* [Problem details]:
Print the data below exactly, but only the lines from the one containing "Eine Küche mit" down to the one containing "1267 - Cast", inclusive.

* [Records]:
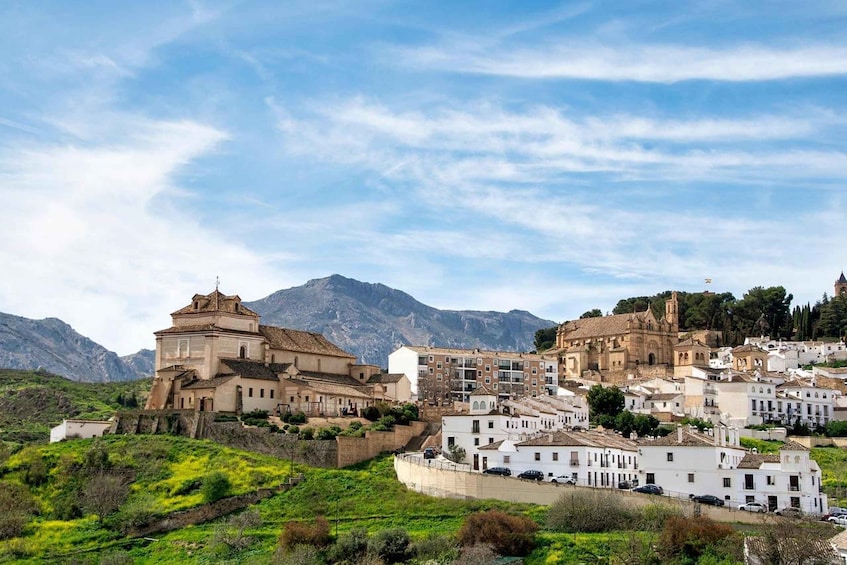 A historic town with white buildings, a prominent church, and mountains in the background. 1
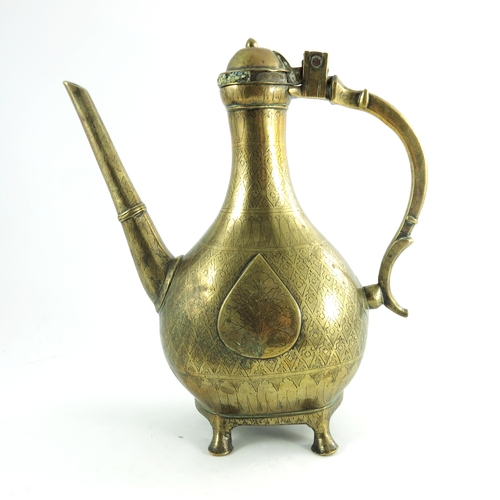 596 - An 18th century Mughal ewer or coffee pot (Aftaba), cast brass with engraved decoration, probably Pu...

---

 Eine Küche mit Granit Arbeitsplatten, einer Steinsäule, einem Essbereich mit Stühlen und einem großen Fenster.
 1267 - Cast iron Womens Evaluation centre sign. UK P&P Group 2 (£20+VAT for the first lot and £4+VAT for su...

==

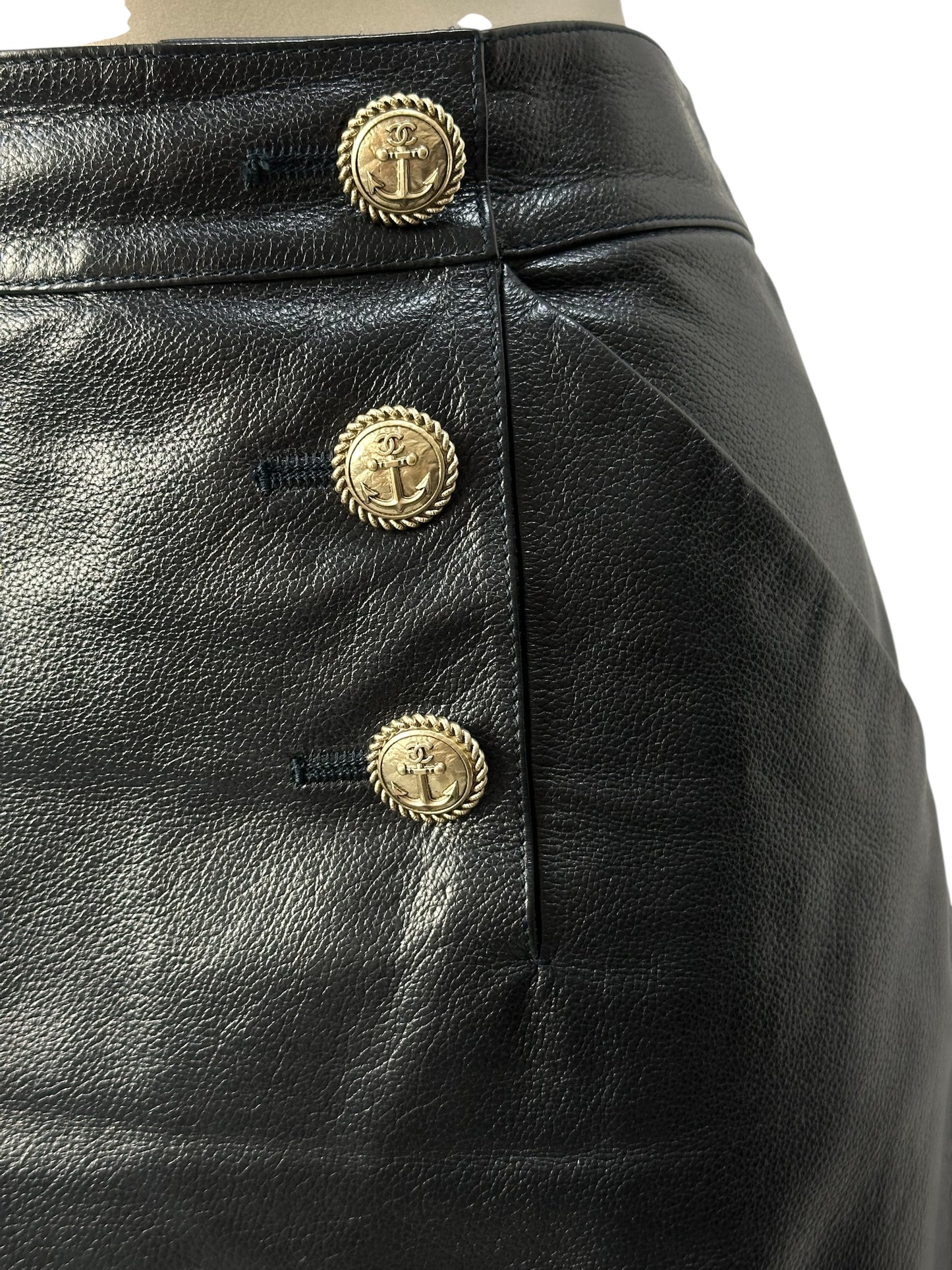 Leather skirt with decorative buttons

* [Answer]:
 Eine Küche mit Granit Arbeitsplatten, einer Steinsäule, einem Essbereich mit Stühlen und einem großen Fenster.
 1267 - Cast iron Womens Evaluation centre sign. UK P&P Group 2 (£20+VAT for the first lot and £4+VAT for su...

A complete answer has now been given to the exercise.